====== DATASET EXCERPTS

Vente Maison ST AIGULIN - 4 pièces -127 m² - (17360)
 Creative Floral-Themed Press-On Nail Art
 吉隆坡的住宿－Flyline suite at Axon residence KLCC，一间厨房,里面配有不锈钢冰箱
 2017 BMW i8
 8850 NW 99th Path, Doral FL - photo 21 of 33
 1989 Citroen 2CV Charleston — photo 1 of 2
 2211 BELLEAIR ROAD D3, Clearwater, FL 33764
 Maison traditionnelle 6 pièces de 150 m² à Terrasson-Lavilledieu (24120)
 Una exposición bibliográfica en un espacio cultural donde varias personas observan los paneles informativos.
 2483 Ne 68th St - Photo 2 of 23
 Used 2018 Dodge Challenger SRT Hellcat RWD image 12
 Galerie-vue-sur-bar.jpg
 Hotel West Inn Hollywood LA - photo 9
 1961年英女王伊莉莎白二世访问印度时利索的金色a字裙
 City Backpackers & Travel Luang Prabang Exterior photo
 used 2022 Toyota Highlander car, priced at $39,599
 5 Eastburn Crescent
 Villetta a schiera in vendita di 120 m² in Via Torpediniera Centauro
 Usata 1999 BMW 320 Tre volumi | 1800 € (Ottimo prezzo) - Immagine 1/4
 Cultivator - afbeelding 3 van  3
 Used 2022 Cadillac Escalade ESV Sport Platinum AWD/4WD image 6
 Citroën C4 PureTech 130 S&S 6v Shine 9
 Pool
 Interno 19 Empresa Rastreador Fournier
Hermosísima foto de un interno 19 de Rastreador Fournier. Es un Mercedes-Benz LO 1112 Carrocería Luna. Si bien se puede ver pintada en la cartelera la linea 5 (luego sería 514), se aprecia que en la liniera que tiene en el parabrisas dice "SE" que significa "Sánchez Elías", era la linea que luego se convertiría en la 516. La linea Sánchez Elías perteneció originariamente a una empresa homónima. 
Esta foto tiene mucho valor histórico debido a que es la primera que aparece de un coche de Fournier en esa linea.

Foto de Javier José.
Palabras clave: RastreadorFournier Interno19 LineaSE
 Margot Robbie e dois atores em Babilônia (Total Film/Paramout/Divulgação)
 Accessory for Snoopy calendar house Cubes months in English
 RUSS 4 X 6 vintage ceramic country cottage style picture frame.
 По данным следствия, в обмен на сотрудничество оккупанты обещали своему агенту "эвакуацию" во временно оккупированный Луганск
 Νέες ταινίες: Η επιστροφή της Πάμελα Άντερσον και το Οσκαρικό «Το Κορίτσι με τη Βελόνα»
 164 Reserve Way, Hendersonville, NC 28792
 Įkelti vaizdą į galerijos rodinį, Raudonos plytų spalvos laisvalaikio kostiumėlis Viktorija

============

Please set down all of the data above again, matching it exactly.

### EXERCISE RESPONSE
Vente Maison ST AIGULIN - 4 pièces -127 m² - (17360)
 Creative Floral-Themed Press-On Nail Art
 吉隆坡的住宿－Flyline suite at Axon residence KLCC，一间厨房,里面配有不锈钢冰箱
 2017 BMW i8
 8850 NW 99th Path, Doral FL - photo 21 of 33
 1989 Citroen 2CV Charleston — photo 1 of 2
 2211 BELLEAIR ROAD D3, Clearwater, FL 33764
 Maison traditionnelle 6 pièces de 150 m² à Terrasson-Lavilledieu (24120)
 Una exposición bibliográfica en un espacio cultural donde varias personas observan los paneles informativos.
 2483 Ne 68th St - Photo 2 of 23
 Used 2018 Dodge Challenger SRT Hellcat RWD image 12
 Galerie-vue-sur-bar.jpg
 Hotel West Inn Hollywood LA - photo 9
 1961年英女王伊莉莎白二世访问印度时利索的金色a字裙
 City Backpackers & Travel Luang Prabang Exterior photo
 used 2022 Toyota Highlander car, priced at $39,599
 5 Eastburn Crescent
 Villetta a schiera in vendita di 120 m² in Via Torpediniera Centauro
 Usata 1999 BMW 320 Tre volumi | 1800 € (Ottimo prezzo) - Immagine 1/4
 Cultivator - afbeelding 3 van  3
 Used 2022 Cadillac Escalade ESV Sport Platinum AWD/4WD image 6
 Citroën C4 PureTech 130 S&S 6v Shine 9
 Pool
 Interno 19 Empresa Rastreador Fournier
Hermosísima foto de un interno 19 de Rastreador Fournier. Es un Mercedes-Benz LO 1112 Carrocería Luna. Si bien se puede ver pintada en la cartelera la linea 5 (luego sería 514), se aprecia que en la liniera que tiene en el parabrisas dice "SE" que significa "Sánchez Elías", era la linea que luego se convertiría en la 516. La linea Sánchez Elías perteneció originariamente a una empresa homónima. 
Esta foto tiene mucho valor histórico debido a que es la primera que aparece de un coche de Fournier en esa linea.

Foto de Javier José.
Palabras clave: RastreadorFournier Interno19 LineaSE
 Margot Robbie e dois atores em Babilônia (Total Film/Paramout/Divulgação)
 Accessory for Snoopy calendar house Cubes months in English
 RUSS 4 X 6 vintage ceramic country cottage style picture frame.
 По данным следствия, в обмен на сотрудничество оккупанты обещали своему агенту "эвакуацию" во временно оккупированный Луганск
 Νέες ταινίες: Η επιστροφή της Πάμελα Άντερσον και το Οσκαρικό «Το Κορίτσι με τη Βελόνα»
 164 Reserve Way, Hendersonville, NC 28792
 Įkelti vaizdą į galerijos rodinį, Raudonos plytų spalvos laisvalaikio kostiumėlis Viktorija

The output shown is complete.